Retype every line from the top of the entries down to the one with "Foaming Hand Soap", both included, and skip the pictures.

++++ Data excerpts ++++

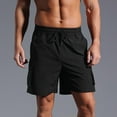 thumbnail image 6 of Mens Shorts Clearance under $10 Drawstring Elastic Waist Casual Solid Shorts with Pocket Short Pants Black L, 6 of 6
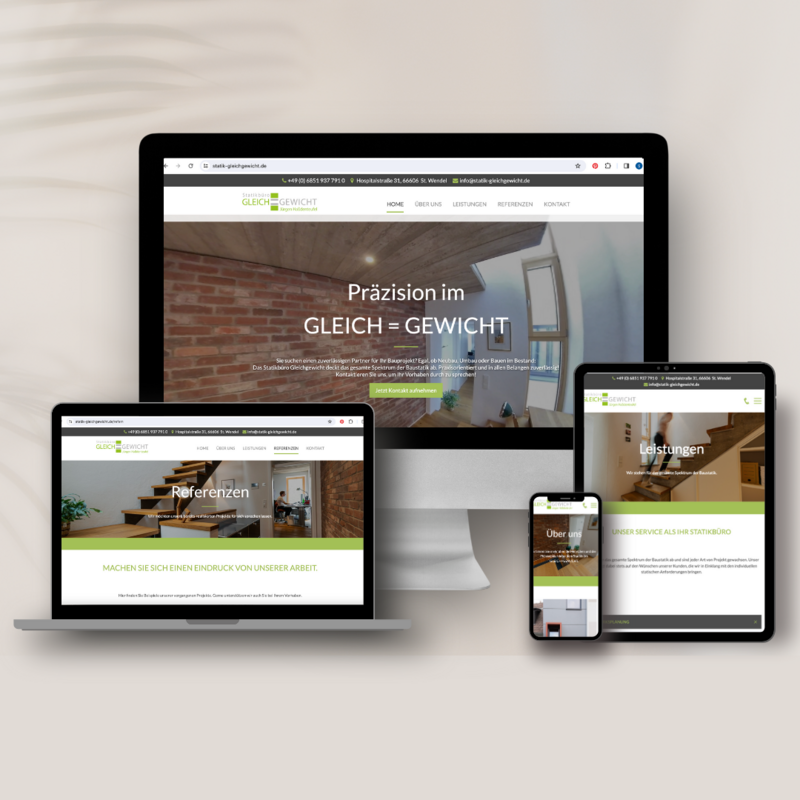 Website für das Statikbüro Gleichgewicht, Jürgen Haßdenteufel, St. Wendel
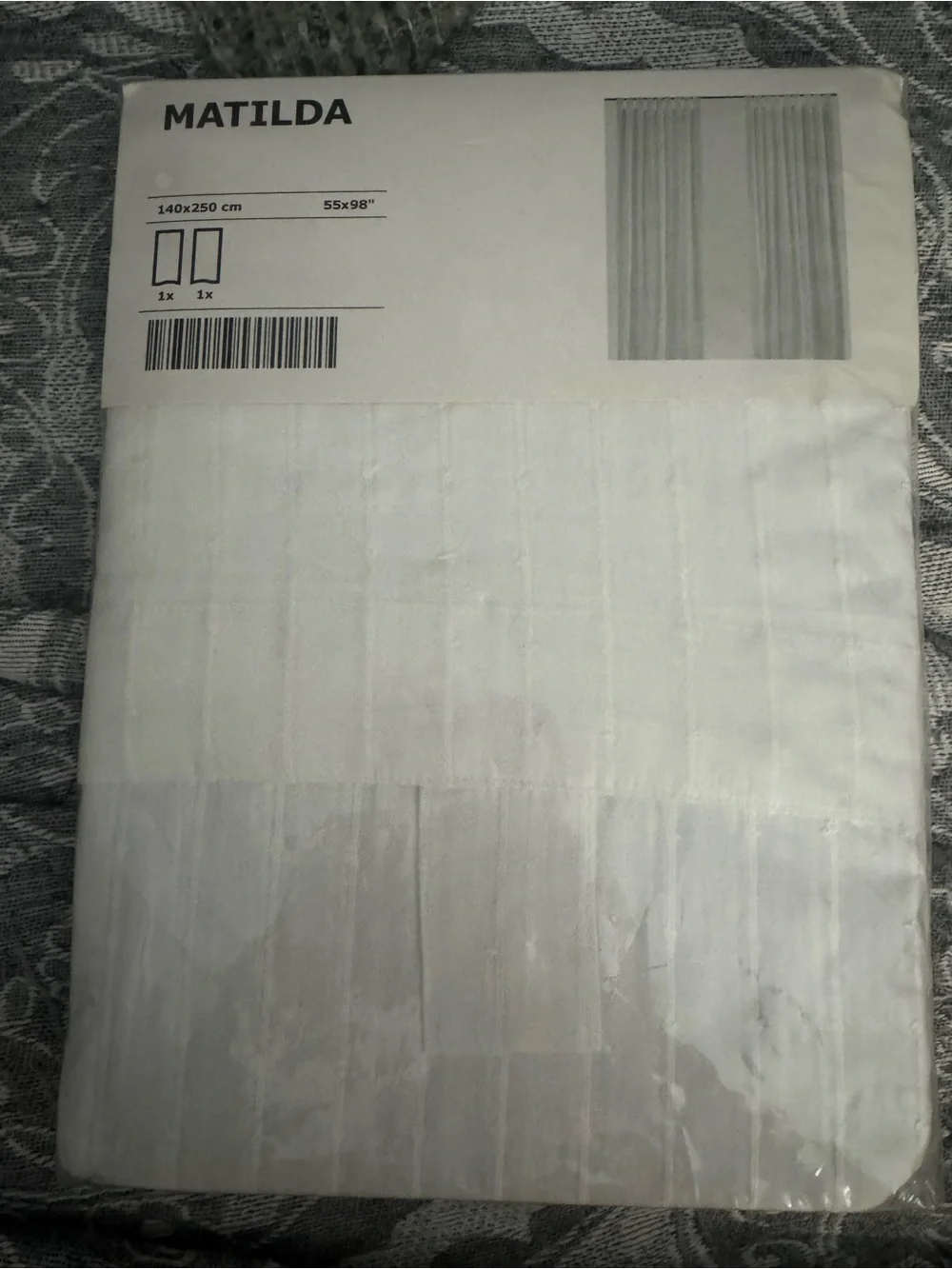New IKEA Matilda White 2 Curtains Panels 55”x98”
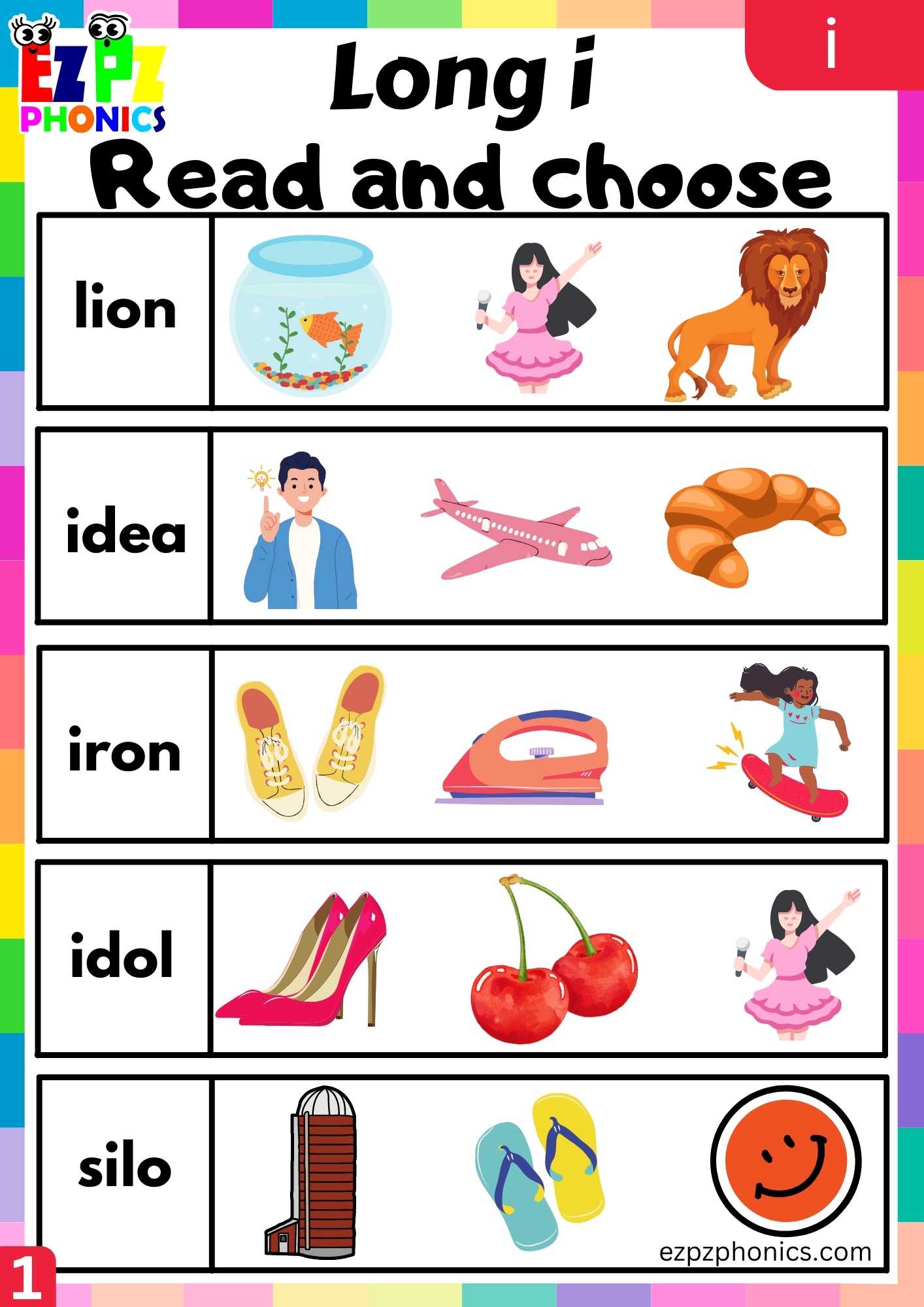 I Words Read And Choose Long I Phonics Worksheet - ezpzphonics.com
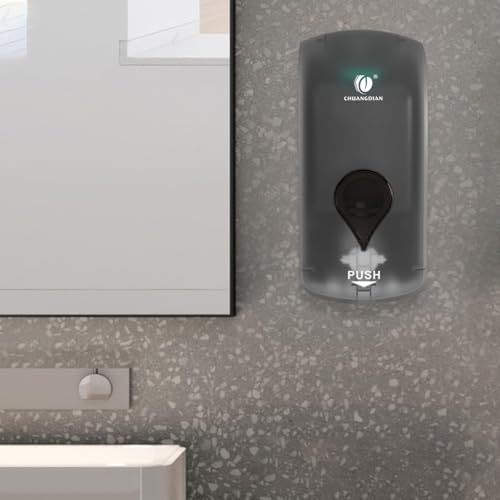 Foaming Hand Soap Dispenser, 35oz (1000ml) Manual Refillable Wall Mount Soap Dispenser, Durable ABS Plastic, for Commercial/Home/Bathroom/Kitchen, Translucent Black, CHUANGDIAN - color: Transparent Black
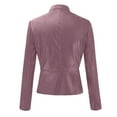 thumbnail image 4 of Fit Womens Faux Leather Cropped PU Motorcycle Biker Fall Outfits Tops, 4 of 9
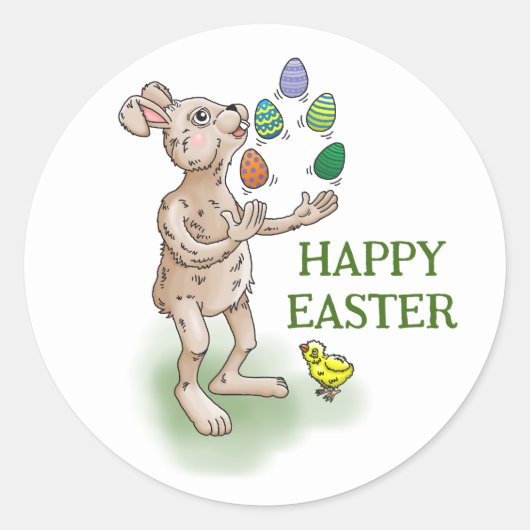 jongleren paashaas ronde sticker (Voorkant)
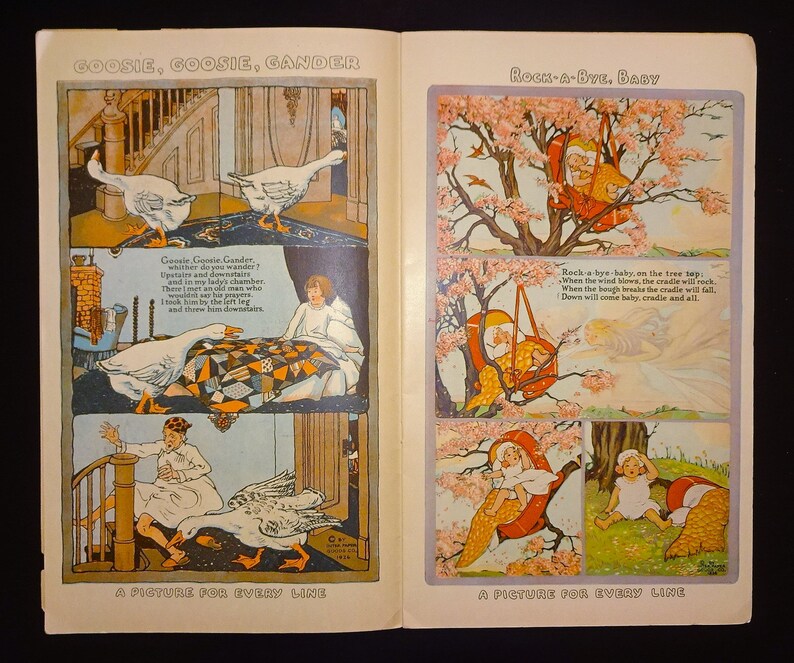 1926 OLD MOTHER GOOSE Nursery Rhymes, Color Illustrations, Jack & Jill, Mary Had a Little Lamb, Little Miss Muffet, Old King Cole, etc. image 4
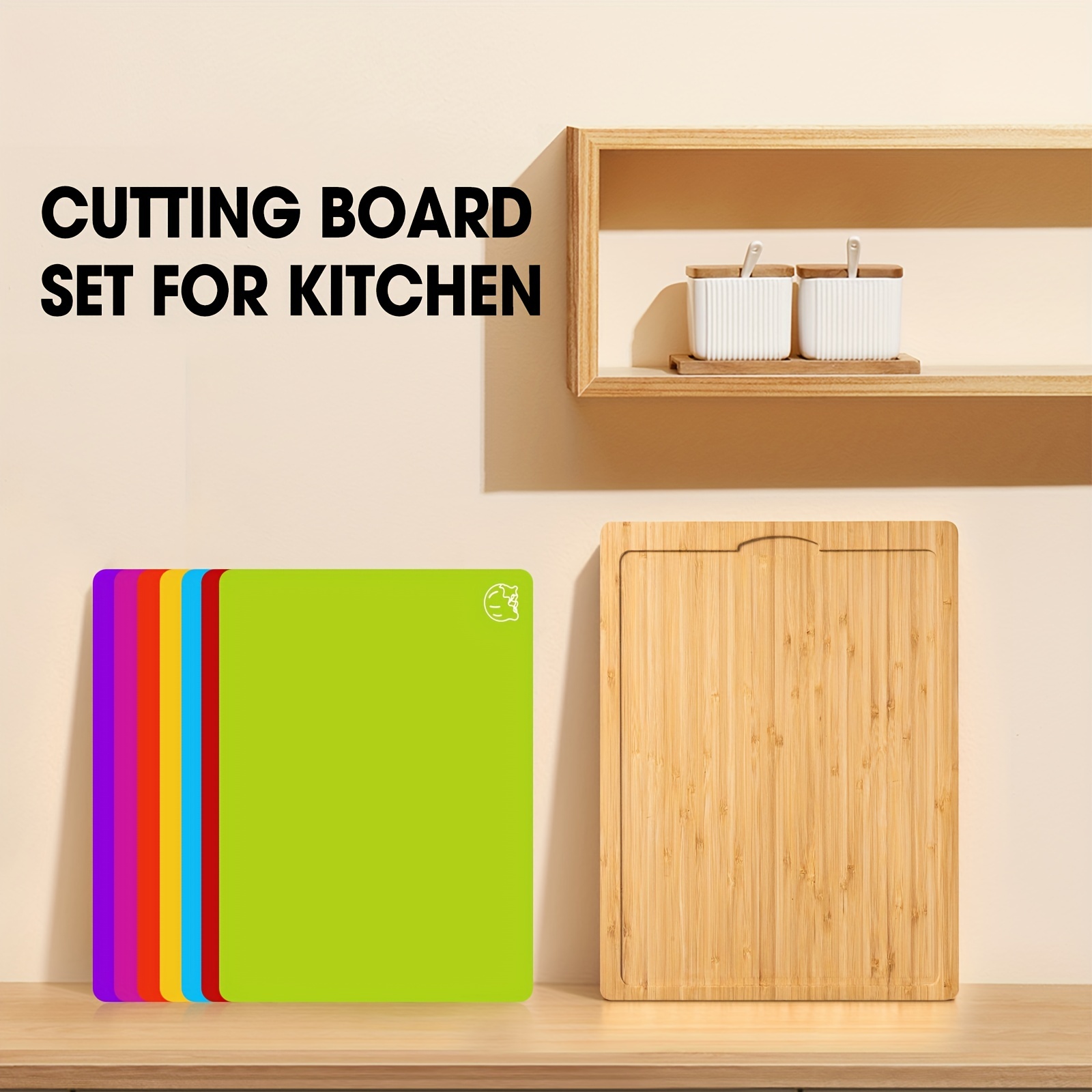 Bassetts Bamboo Wood Cutting Board Set With 6 Color-Coded Flexible Cutting  Mats With Food Icons - Chopping Board Set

++++

**Result below:**
 thumbnail image 6 of Mens Shorts Clearance under $10 Drawstring Elastic Waist Casual Solid Shorts with Pocket Short Pants Black L, 6 of 6
 Website für das Statikbüro Gleichgewicht, Jürgen Haßdenteufel, St. Wendel
New IKEA Matilda White 2 Curtains Panels 55”x98”
 I Words Read And Choose Long I Phonics Worksheet - ezpzphonics.com
 Foaming Hand Soap Dispenser, 35oz (1000ml) Manual Refillable Wall Mount Soap Dispenser, Durable ABS Plastic, for Commercial/Home/Bathroom/Kitchen, Translucent Black, CHUANGDIAN - color: Transparent Black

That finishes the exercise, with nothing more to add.